As part of the National Freight and Supply Chain Strategy, the Commonwealth Government has undertaken to develop a new Transport Sector Skills Strategy, in partnership with industry.

In its pre-Budget submission to the Federal Government, ALC has emphasised that the development of this Strategy must take particular account of workforce shortages being experienced by the heavy vehicle sector, and that the Federal Government must prioritise an increase in training opportunities available to those wishing to enter its workforce.

This includes supporting education and awareness campaigns that combat stereotypes about the nature of the industry, and which prioritise the recruitment of new workforce participants from diverse backgrounds.

ALC has also called on the Federal Government to place a greater emphasis on the importance of enhanced mental health outcomes amongst industry participants.

Industry led programs such as Healthy Heads in Trucks and Sheds (the development of which is being led by Woolworths) exemplify a proactive approach in this area.

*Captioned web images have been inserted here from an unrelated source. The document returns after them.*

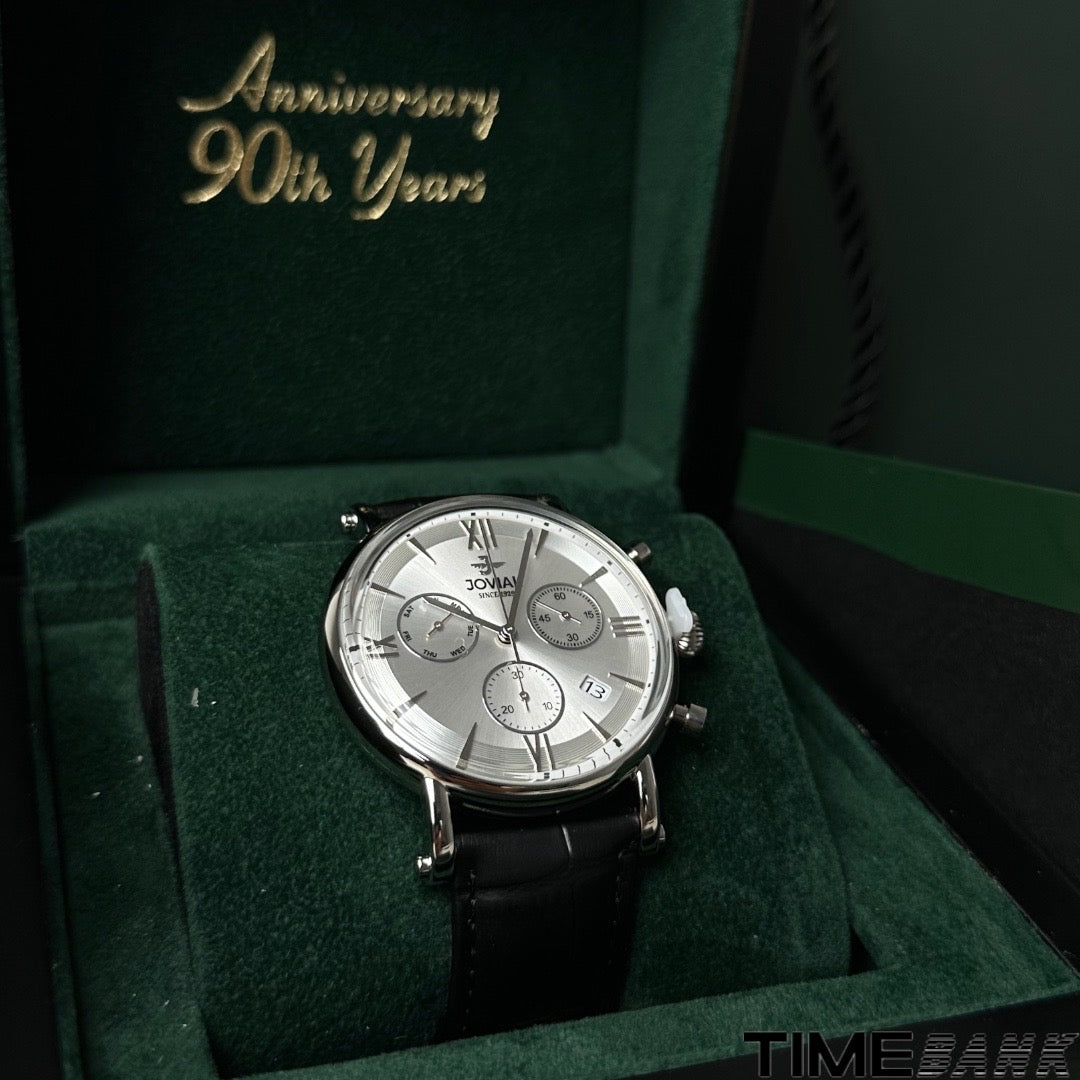 JOVIAL 4771GSLC11E MEN WATCH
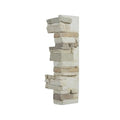 AZ Faux High-Density Polyurethane Faux Stone Interlocking Outside Corner by AZFaux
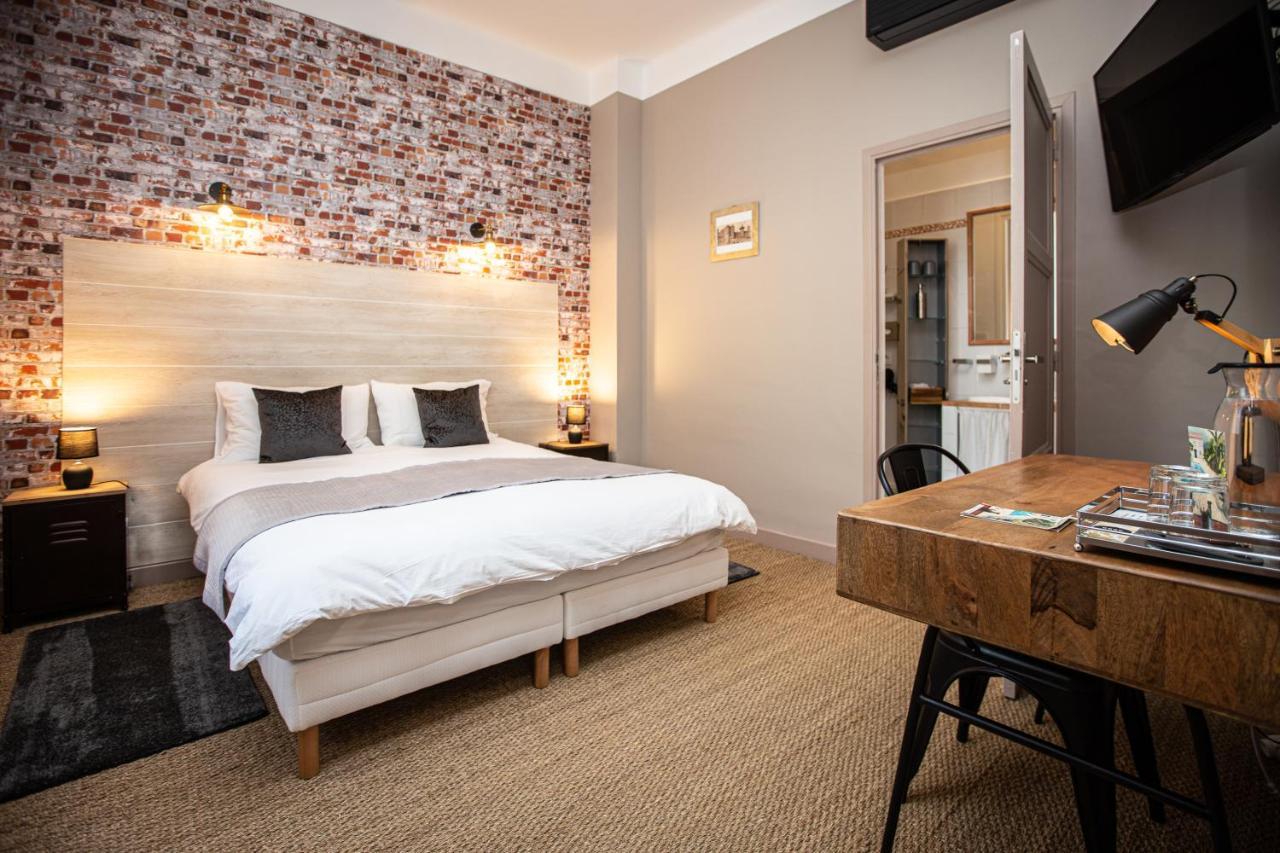 45Bb Bed and Breakfast Καρκασόν Εξωτερικό φωτογραφία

ALC has recommended that governments should provide greater levels of recognition and support to such industry-led initiatives where they exist.

Attracting a younger more diverse workforce for our heavy vehicle sector going forward will require a different approach to engaging potential recruits.

ALC is committed to playing its part by combating stereotypes about the industry and highlighting the impact technology and innovation are having and aligning these with the skills and ambitions of new workforce participants.